Over 50 million leaflets were delivered in modified artillery shells and leaflet bombs dropped from airplanes on enemy units on the Western Front. The campaign was so effective that German generals Paul von Hindenberg and Erich Ludendorff admitted that it had played a part in devastating their troops’ morale.


During World War II, the U.S. Military expanded Psychological Warfare capabilities by establishing the Psychological Warfare Branch, Allied Force Headquarters; the Psychological Warfare Division, Supreme Headquarters, Allied Expeditionary Force; and PSYWAR sections at the Army, Group and Field Army levels.

As a result, tactical PSYWAR units such as Mobile Radio Broadcasting Companies and Broadcasting Stations Operating Detachments played a key role in reducing enemy morale and winning the war.


After WWII, U.S. Army PSYWAR was nearly dismantled. In September of 1950, Brigadier General Robert A. McClure was named Chief, Psychological Warfare Division.

Recognizing the need for the Army to retain its PSYWAR units and capabilities, McClure and his staff established the Psychological Warfare School in Fort Riley, Kansas in 1950, and the Psychological Warfare Center in Fort Bragg in 1952, which later became the John F. Kennedy Special Warfare Center and School.

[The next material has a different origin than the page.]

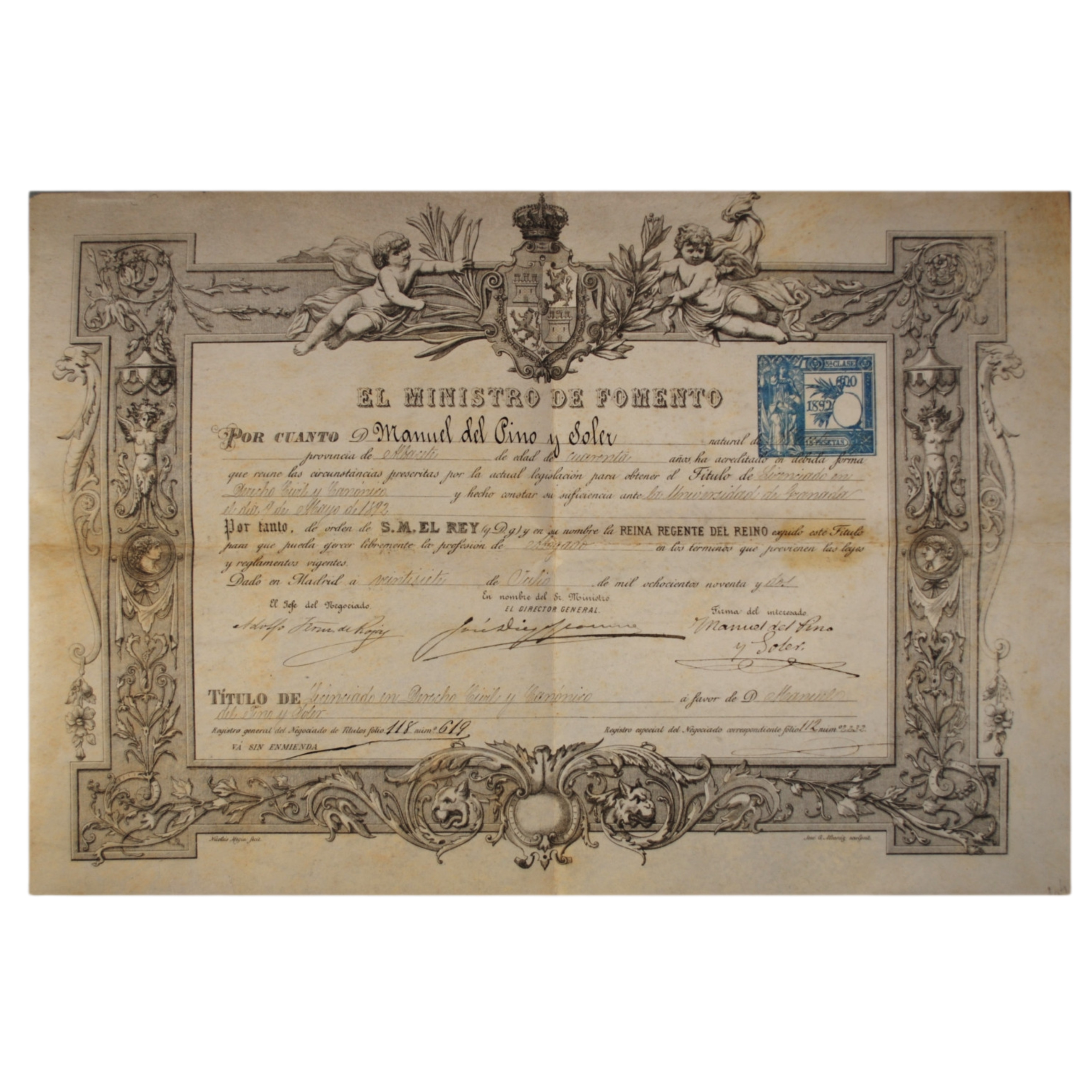 UNIVERSIDAD DE GRANADA -TITULO DE LICENCIADO EN DERECHO CIVIL Y CANÓNICO A FAVOR DE D. MANUEL DEL PINO SOLER (UNIVERSIDAD DE GRANADA 1892) - 1892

Since its founding, the school has provided doctrine, education and training for the Army's human influence professionals.

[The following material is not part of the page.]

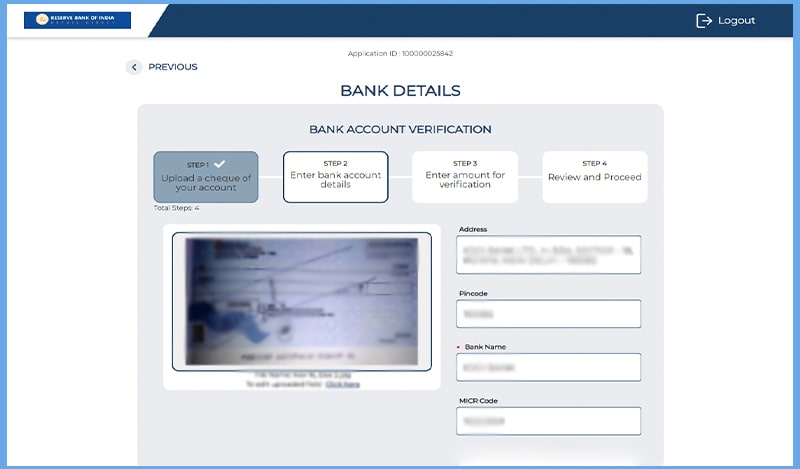 Step-7 Bank details and canceled Cheque upload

The Vietnam War was an especially challenging period for Army Psychological Operations. Initially operating under the United States Information Service and later under the Military Assistant Command – Vietnam, elements of the 4th Psychological Operations Group conducted continuous combat operation for more than five years.


In both peace and conflict, supporting conventional and unconventional forces, PSYOP Soldiers have operated in Panama, Somalia, Haiti, Rwanda, Bosnia and Kosovo. PSYOP forces are currently operating in support of the Global War on Terror in Afghanistan, Iraq, and the Philippines.

PSYOP Soldiers are deployed around the world, supporting combatant commanders, U.S. embassies, and foreign governments. Their efforts and those of their predecessors have proven PSYOP to be an indispensable component of the national security.


U.S. Army PSYOP has had a crucial, impact in unconventional warfare in every conflict.

The fundamental mission of PSYOP has remained the same since World War I: to “convey selected information indicators to foreign audiences to influence their emotions, motives, objective reasoning, and ultimately the behavior of foreign governments, organizations, groups, and individuals.”

However, the methodology of conducting global planning and missions has continuously evolved to changes in social, behavioral and political environments, employing cutting-edge technologies, and modern influence strategies.